Ces deux dernières cases d'une très belle planche de L'héritage
forment une seule image, dont la continuité est assurée, entre autres, par le prolongement de l'ombre des fauves de la dernière case vers l'avant dernière. Ces ombres sont indiquées par Franquin au crayon bleu sur l'original, et ont été suivies dans la nouvelle mise en couleur (deuxieme image). A l'inverse, non seulement la version Péchés de jeunesse / Rombaldi (premiere image) ne prolonge pas ces ombres, mais en plus crée une différence dans la couleur du sol qui brise l'effet de continuité recherché par le dessinateur. De plus, les indications de Franquin exigeaient un halo autour de la lune qui n'a pas été réalisé par Leonardo et qui a été rétabli ici. Elles exigeaient aussi des yeux verts pour les fauves, qui n'ont pas été mis dans les recolorisations successives.
2)

Dans Spirou fait du cheval, Franquin a indiqué des reflets très précis sur le cheval (image 1). Ils ont été dans la plupart des cas ignorés dans les versions recolorisées (y compris chez Rombaldi, cf image 2) et sont rétablis dans cette nouvelle édition (image 3).
3)

Et enfin, sur cette photo, on voit que la nouvelle édition (première image) respecte le placement des ombres des boxeurs, ombres dessinées par Franquin sur les originaux. Là où Rombaldi (deuxième image) oublie ces ombres et transforme les boxeurs en personnages flottant dans un vaste espace désespérant.
Larry Bambell a écrit: Il y a d'ailleurs de surprenantes différences parfois. Ici encore, un seul ex., p. 128 (Le Tank), 1ère case : (entre autres : ) la dame qui sort vêtue ici de jaune, et de rouge dans Rombaldi et l'Int. classique ??...

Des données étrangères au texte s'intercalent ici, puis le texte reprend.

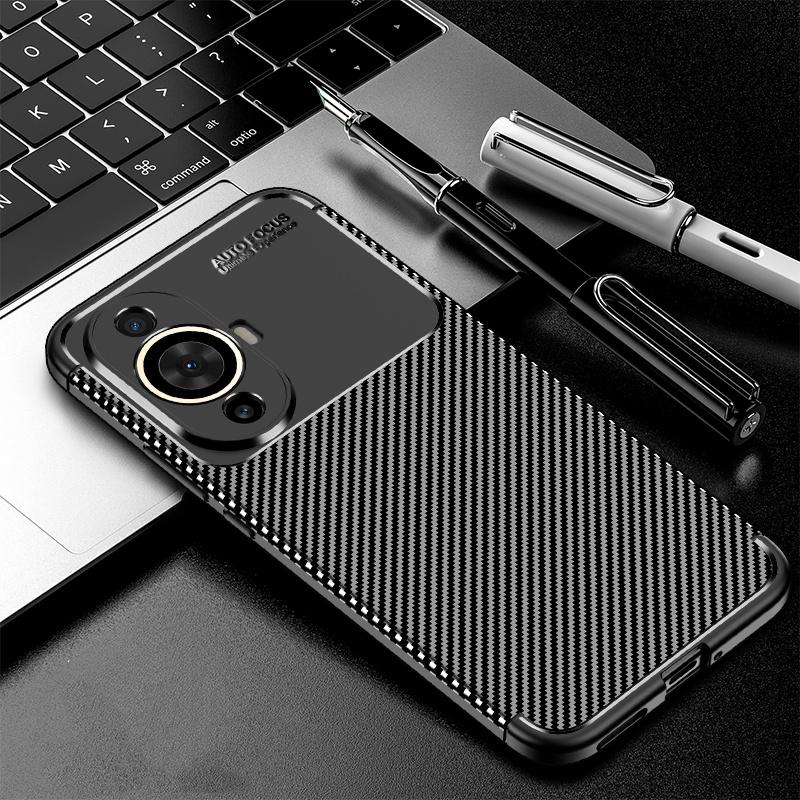 For Huawei Nova 12S Case Cover Huawei Nova 12S Capa Carbon Fiber Texture Bumper Shockproof TPU Soft Cover Huawei Nova 12S Funda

Une nouvelle fois, ce qui est suivi, ici, ce n'est pas la version des années 1970 réalisée par Leonardo et réutilisée par Rombaldi, mais les choix chromatiques de l'édition originale. La version du Tank qui sert de référence, globalement, ici, date donc de 1949 (souvent datée fautivement de 1948) et bénéficie d'ailleurs de rectifications par rapport à l'almanach 1947, dont la qualité d'impression était mauvaise. La dame est bien vêtue de jaune dans cette édition.
*
A nouveau, je suis à l'écoute de toutes les critiques, et j'en ai moi-même à formuler, et je connais la liste des oublis, des bourdes, des détails ratés - ce en quoi ce livre partage, avec tous les autres livres de la planète, son lot de défauts et d'erreurs (ceci n'est pas un appel à la chasse à la coquille et des bourdes, pitié !). J'imagine qu'il ne faut pas que je réponde à la moindre remarque - mes amis qui écrivent sur la bande dessinée s'affligent que je réponde à ces interventions -, mais c'était une façon pour moi d'expliquer le travail de cette intégrale et de l'exorciser.